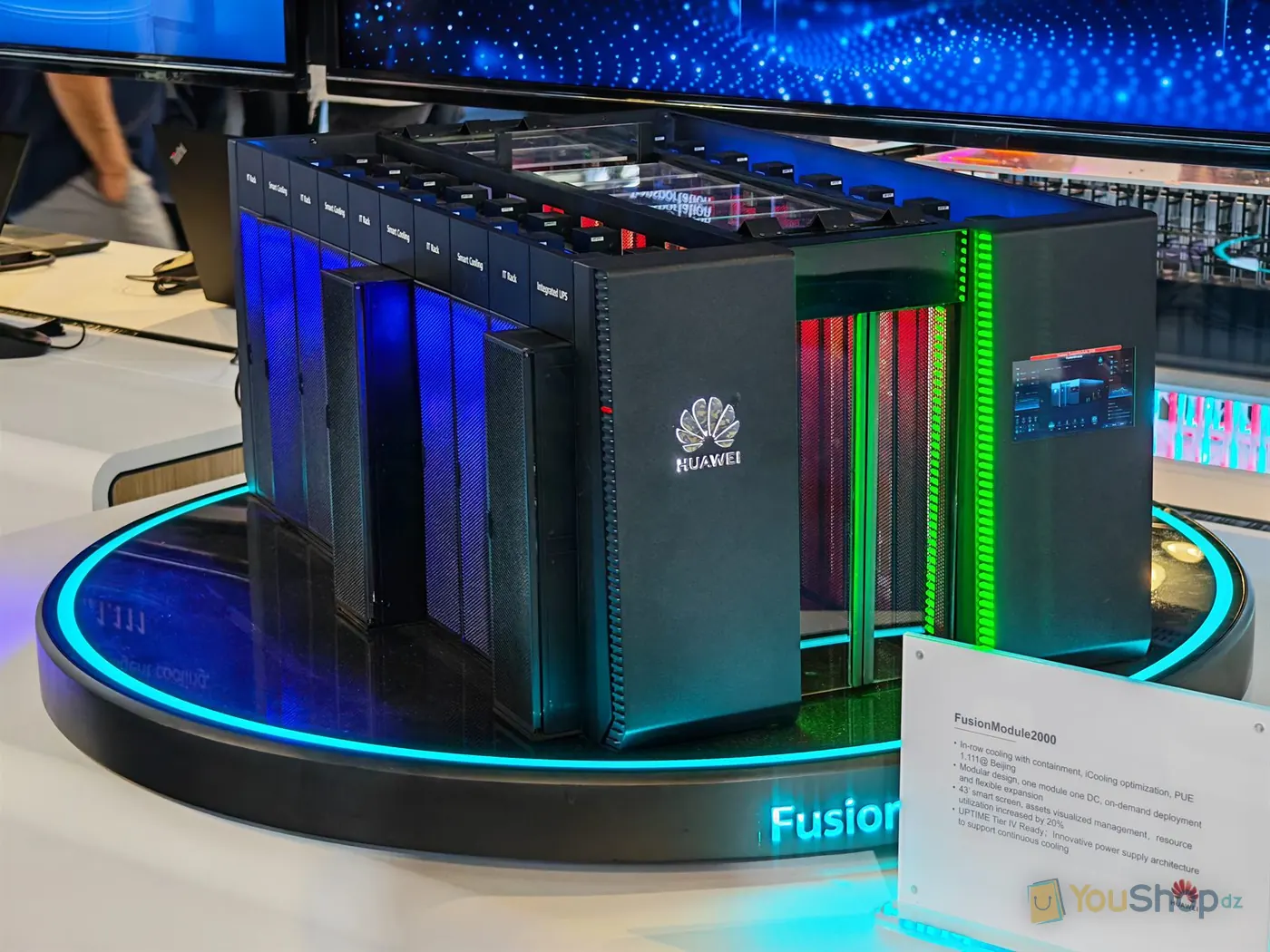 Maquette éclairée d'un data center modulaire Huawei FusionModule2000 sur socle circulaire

##############################

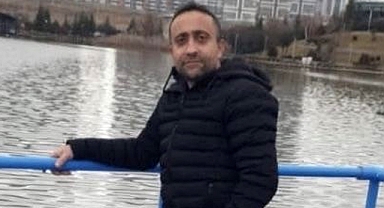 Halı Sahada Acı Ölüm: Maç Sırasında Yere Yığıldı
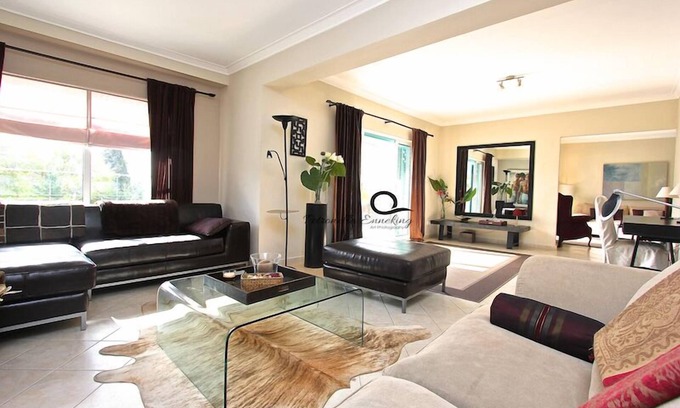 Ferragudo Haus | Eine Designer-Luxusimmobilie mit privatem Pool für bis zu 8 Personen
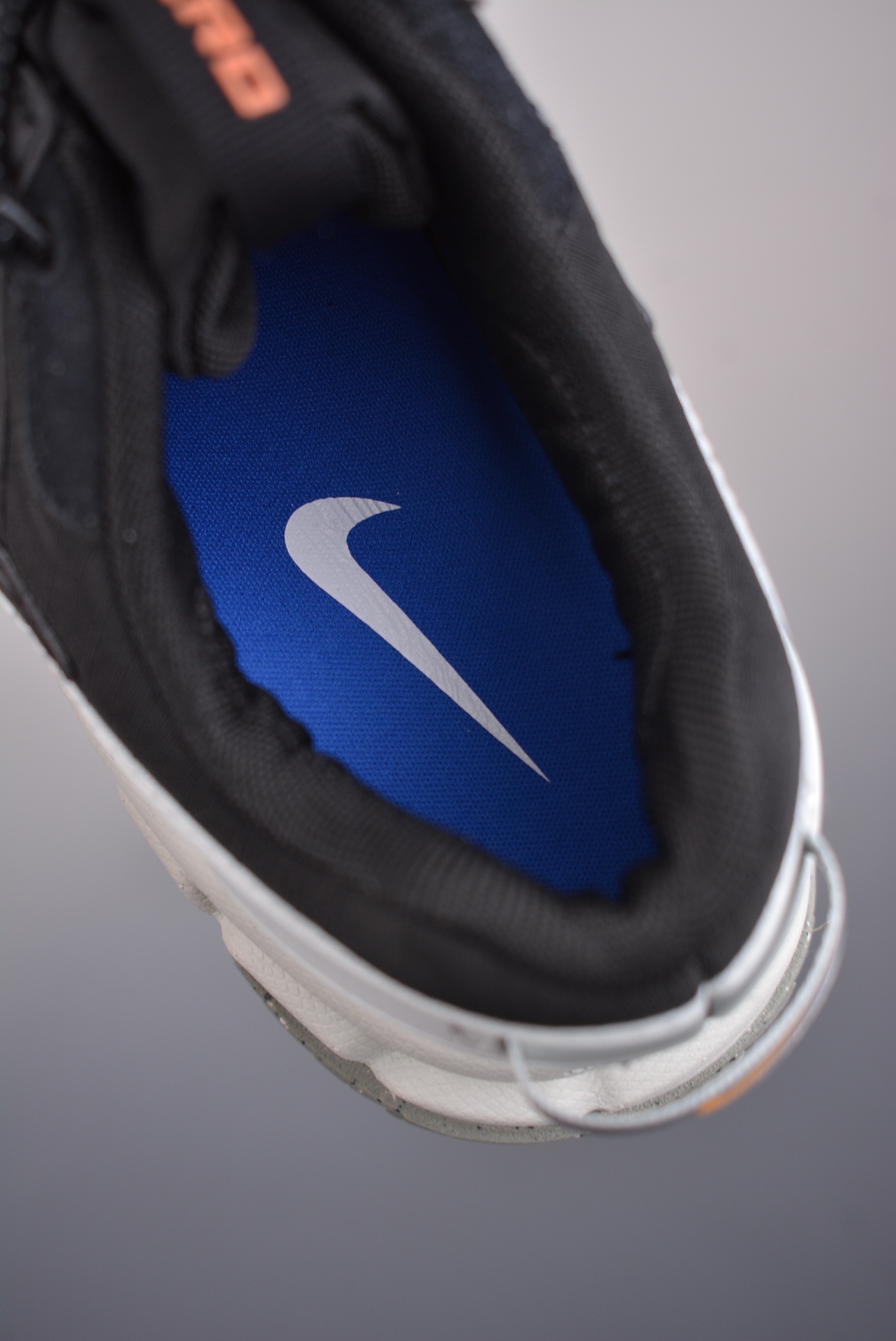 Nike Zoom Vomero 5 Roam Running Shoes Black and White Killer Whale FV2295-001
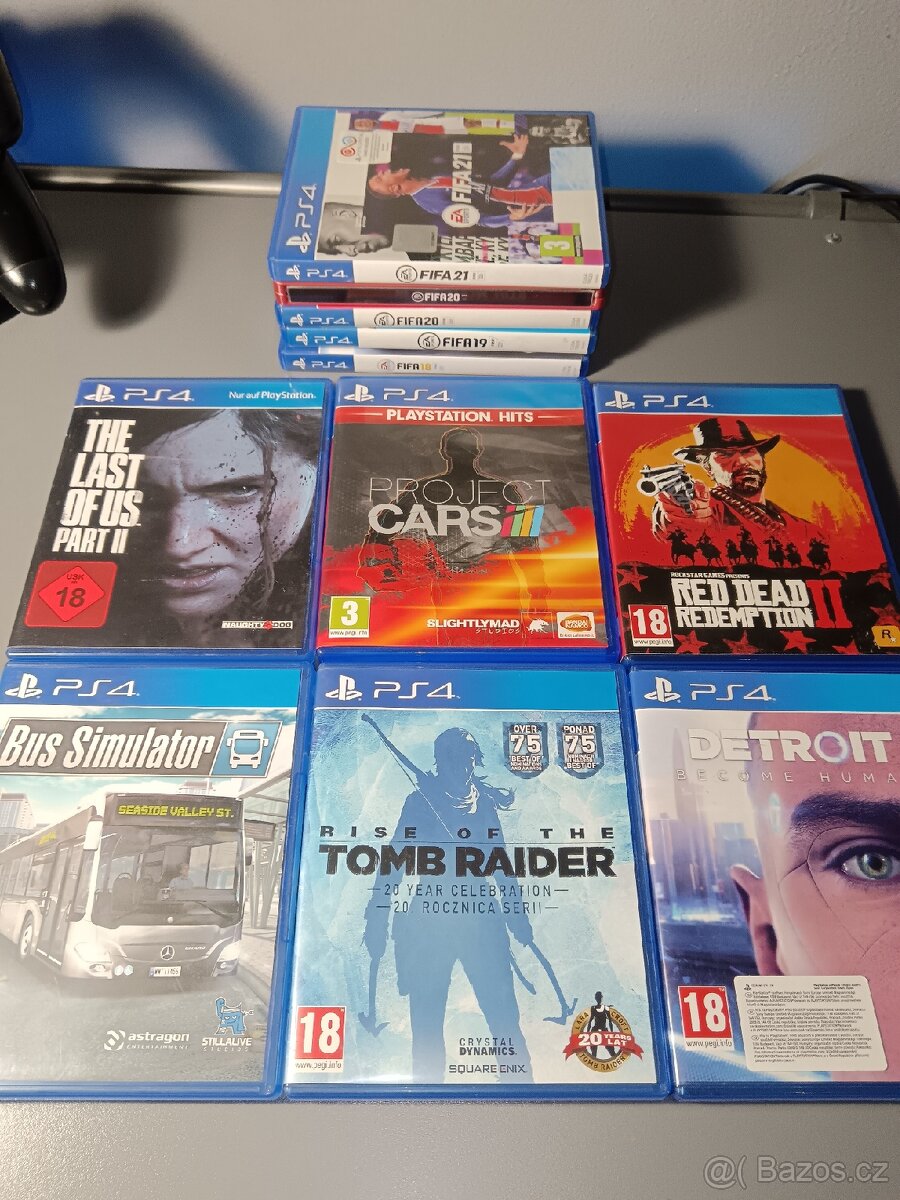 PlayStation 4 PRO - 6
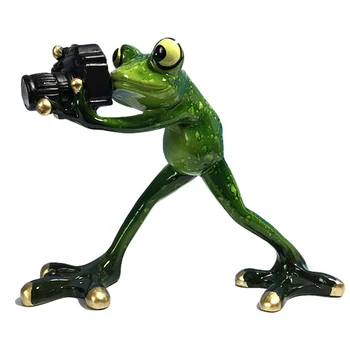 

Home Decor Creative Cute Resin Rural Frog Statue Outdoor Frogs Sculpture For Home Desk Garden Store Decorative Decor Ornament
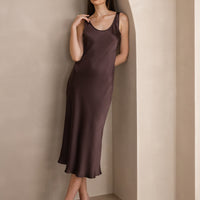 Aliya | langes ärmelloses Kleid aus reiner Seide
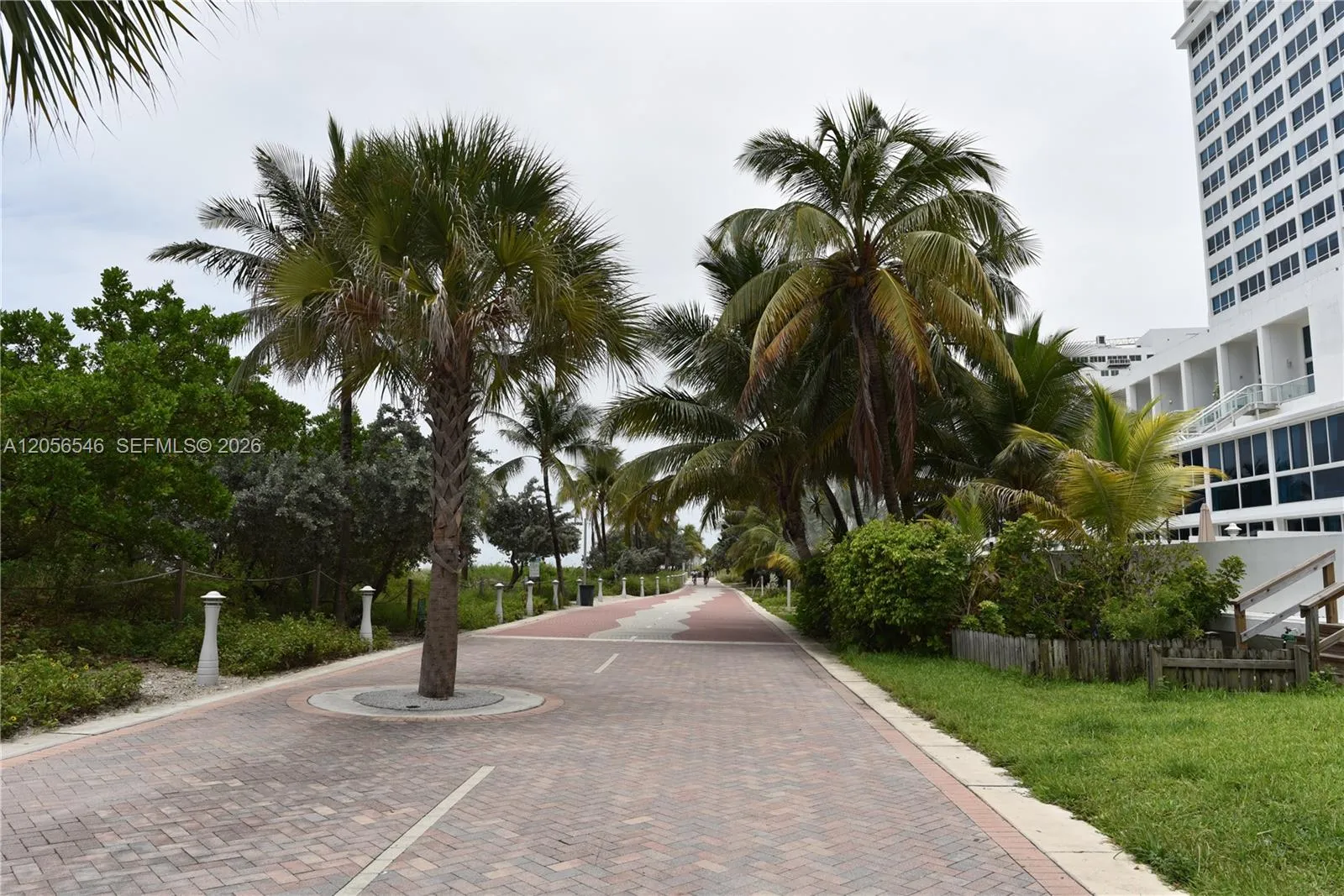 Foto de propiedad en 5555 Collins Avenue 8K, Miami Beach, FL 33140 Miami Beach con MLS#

##############################

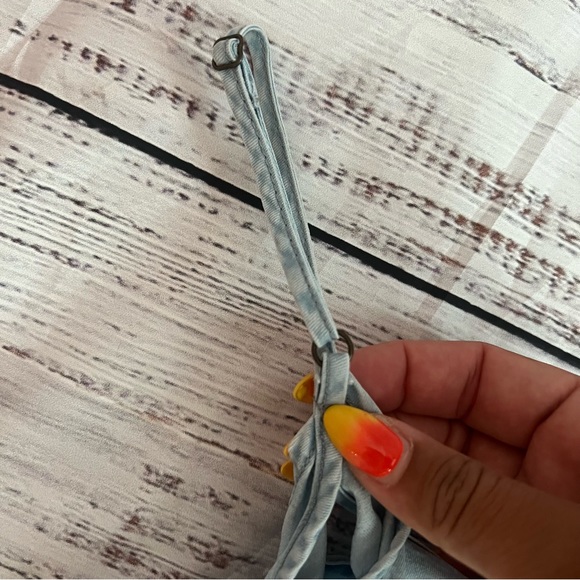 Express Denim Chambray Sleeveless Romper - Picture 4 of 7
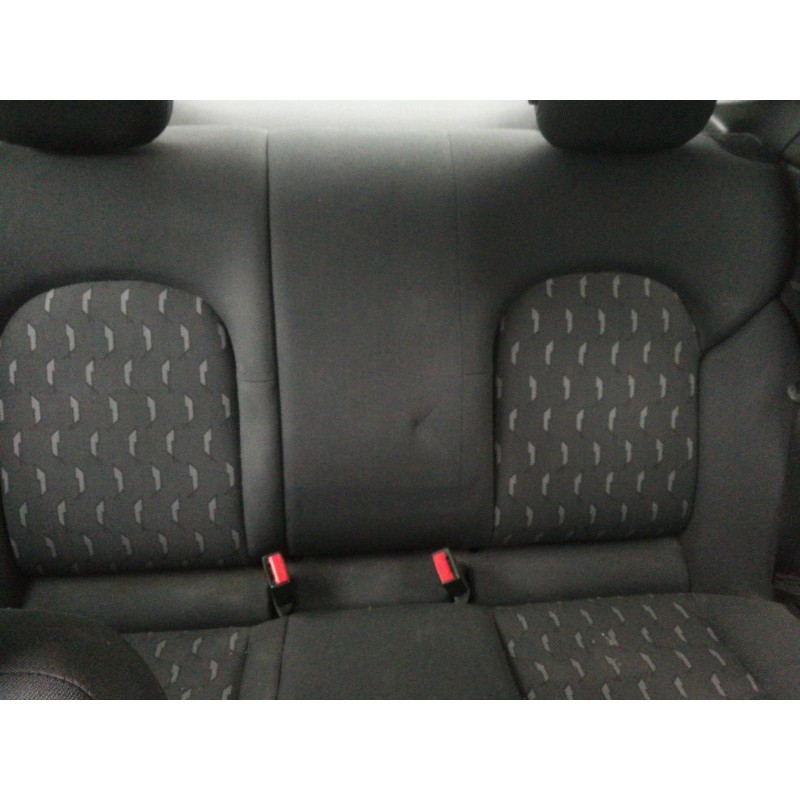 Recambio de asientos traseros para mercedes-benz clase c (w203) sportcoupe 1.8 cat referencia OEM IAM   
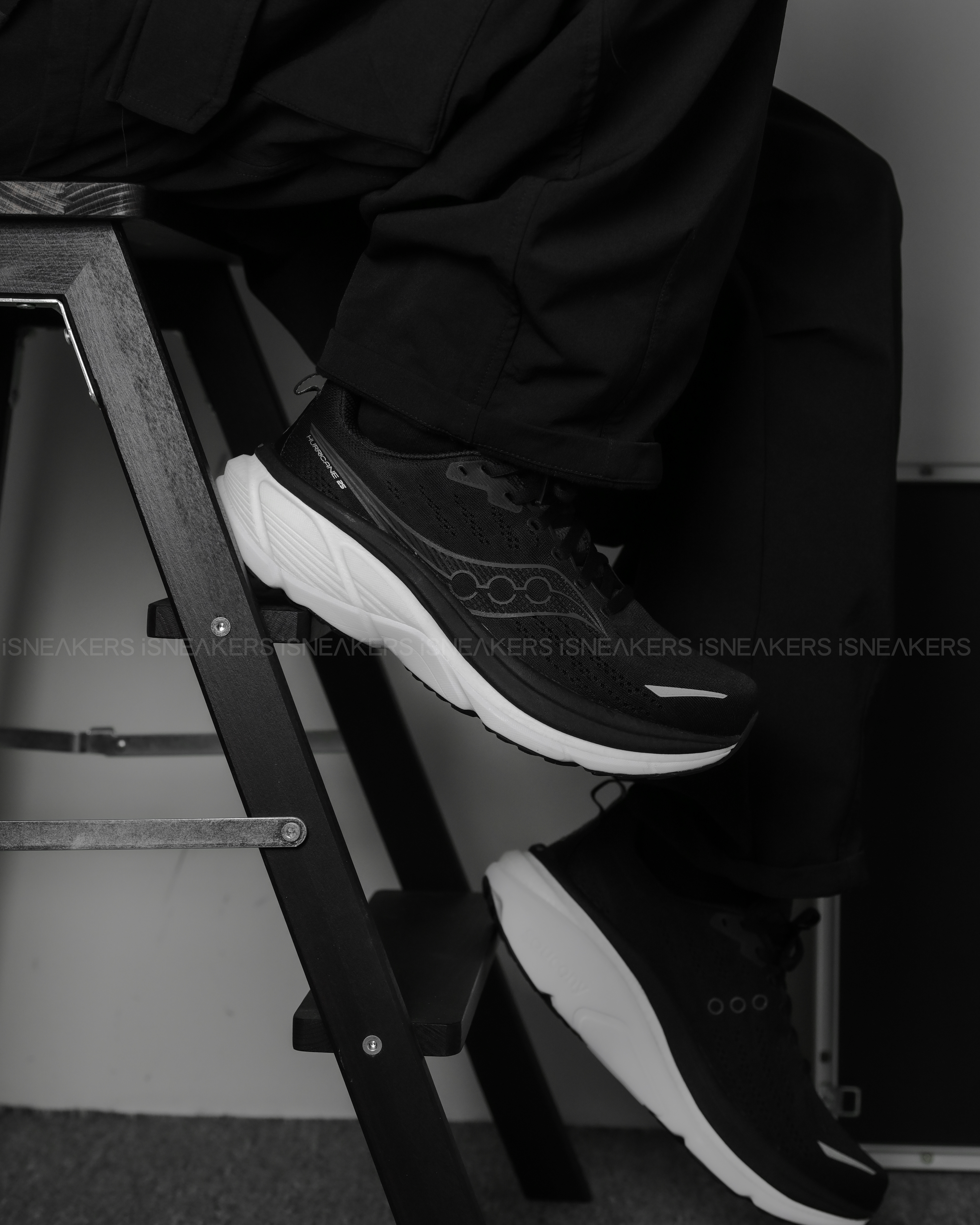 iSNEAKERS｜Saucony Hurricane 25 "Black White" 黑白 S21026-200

##############################

Assignment: Quote word for word only the lines above from the one containing "Recambio de asientos" through the one containing "iSNEAKERS｜Saucony Hurricane 25". Pictures stay out of your copy.

Solved problem:
 Recambio de asientos traseros para mercedes-benz clase c (w203) sportcoupe 1.8 cat referencia OEM IAM   
 iSNEAKERS｜Saucony Hurricane 25 "Black White" 黑白 S21026-200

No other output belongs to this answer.